The President currently faces the same problem at Sri Lanka Insurance. The insurance giant was returned to the ownership of the Treasury by an order of the Supreme Court. The company really was a veritable ‘jewel in the crown’ of the state. He appointed an academic – Dr. Nalaka Godahewa — who had previously run the company for the private sector but who stepped down when he realised the enormity of the charges being brought in the Supreme Court against his employer. While the President was absolutely spot-on in his choice of the senior management to steer Sri Lanka Insurance to greater heights and towards becoming a beacon of success of which the state and the private sector, could be justifiably proud of, unfortunately, there are some bad apples on board too. This has negated the effect of having a strong board consisting of capable and experienced men and has resulted in Sri Lanka Insurance continually losing ground.

At the last count Sri Lanka Insurance sales were down 4% year on year and was running at an astonishing 18% below target. Much of this has been placed at the doorstep of the ‘powers that be’ at board level, who for no apparent reason have encouraged the unions and flirted with the company cheque book – and the appointment of the Chairman is said to emanate from the Presidential Secretariat. SLI has lost so much of ground that the former private sector owner has been prompted to consider setting up his own rival insurance firm, which, with the corporate information within his knowledge and the refund due, will be a cakewalk.

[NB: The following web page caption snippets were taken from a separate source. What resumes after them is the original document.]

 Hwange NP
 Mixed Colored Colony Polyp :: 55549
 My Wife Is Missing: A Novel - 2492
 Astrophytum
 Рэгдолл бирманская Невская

There are numerous other instances of these situations where the President has been let down by his appointees – and the President frequently finds himself in a position of having to cover up. The President’s Men it seems have a collective penchant for shooting progress in the foot. Their short-termism and their personal agendas appear to be utterly at odds with the political programmes envisaged for the country at large.

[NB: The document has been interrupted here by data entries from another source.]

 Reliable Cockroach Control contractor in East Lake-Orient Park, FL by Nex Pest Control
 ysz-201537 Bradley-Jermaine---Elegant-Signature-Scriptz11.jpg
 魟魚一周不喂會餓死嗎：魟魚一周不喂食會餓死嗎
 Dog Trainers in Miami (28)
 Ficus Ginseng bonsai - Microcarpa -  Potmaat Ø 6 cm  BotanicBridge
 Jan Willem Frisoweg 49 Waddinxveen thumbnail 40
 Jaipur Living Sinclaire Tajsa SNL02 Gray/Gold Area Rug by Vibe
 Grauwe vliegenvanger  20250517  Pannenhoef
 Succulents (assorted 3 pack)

The entry of Sarath Fonseka who is projected as a credible candidate has sought to create an alternative out of virtually nothing. In fact, the President does enjoy widespread popularity but the famed manoeuvring of Mangala Samaraweera and Ranil Wickremesinghe has seen the creation of some Presidential palpitation. They have brought to the foreground popular concerns like corruption. The problem of corruption is perennial in these parts of the world but what is even more galling in this instance is that the allegations hit on those around the Presidential family and not directly at the President himself. Unlike with previous occupants of Presidential House, there are no specific allegations of fraud against the President. A number of allegations have been exposed against those within his inner circle.

Combined effort

What the combined efforts of Wickremesinghe and Samaraweera have achieved is that they have contrived in their collective effort to rock the boat sufficiently to almost derail the Presidential plans for a post war renaissance period.

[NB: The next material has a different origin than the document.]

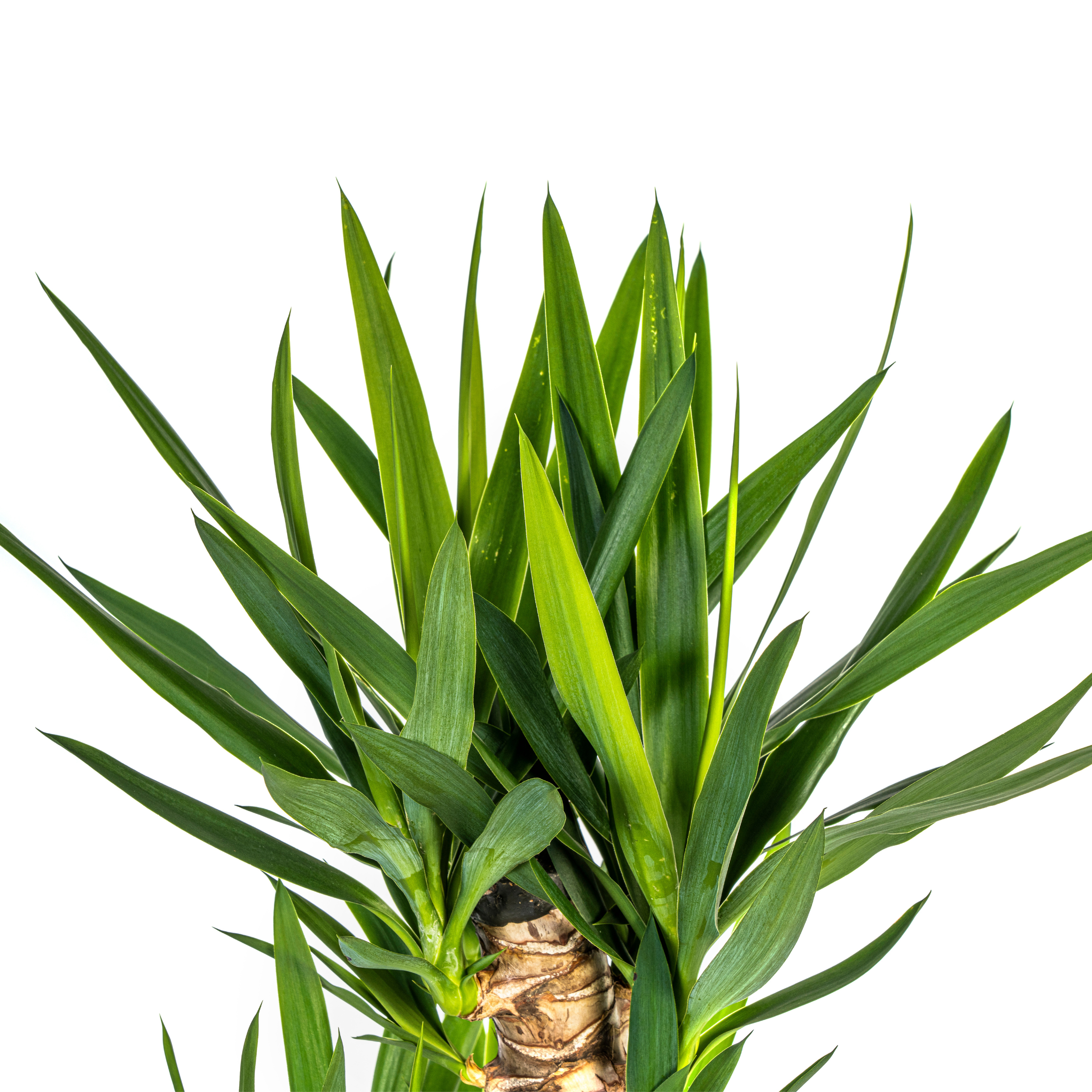 Yucca Elephantipes Ø24cm – 120-140cm Wuchshöhe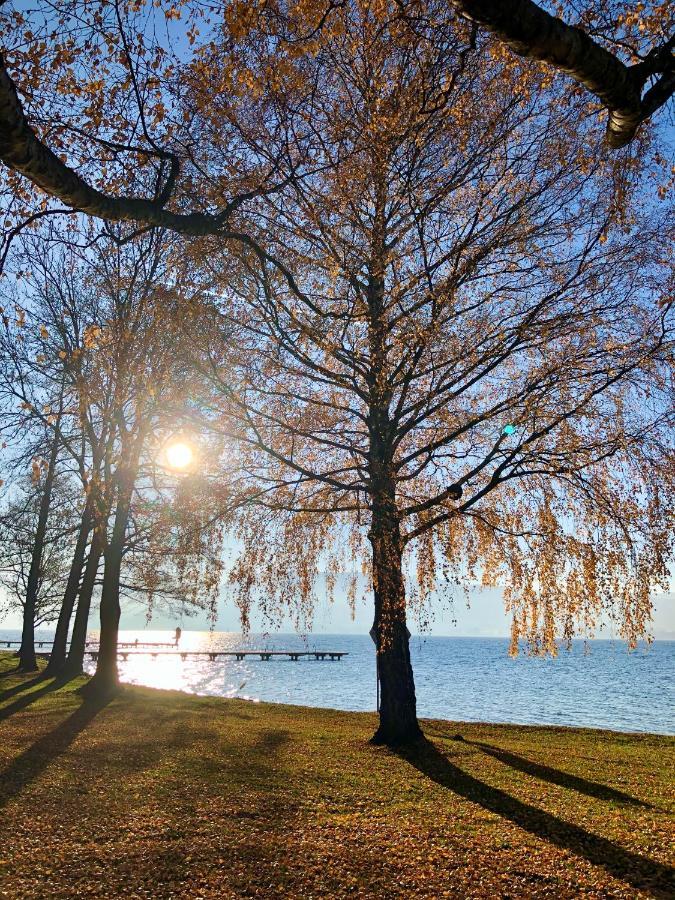 Fewo Atterseeperle - 80M2 Mit See- Und Gebirgsblick Steinbach am Attersee Ngoại thất bức ảnh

For example, wastage is high on the list just as high as corruption. The opposition highlights many an instance but is significantly silent on the issue of the size of its own cabinet of ministers for example. That President Rajapaksa has been unable to address this issue in his first term is clearly because he was stymied in that area: with the slim margin and collective effort that brought him into power, there was little option but to engage in the highly risky business of giving all and sundry ministerial positions in order to keep the uneasy alliance at bay.

The President, if he was to chart a victory for himself and later for his party with minimal involvement from alliances, will be able to truly call the shots. That much is clear on paper when one considers the overall vote the SLFP has garnered in the last and most recent provincial elections. This would permit the President the luxury of ensuring that the cabinet is kept small and manageable and that he would be in a position to enforce discipline and moderation at the highest levels of government.

This is a luxury that the alliance led by Sarath Fonseka and his experienced political allies will most certainly not have. For, theirs is an alliance of a number of disparate alliances, all of whom will inevitably jockey for positions and recognition in the event of a victory for their alliance – it would be utterly wishful thinking to believe otherwise.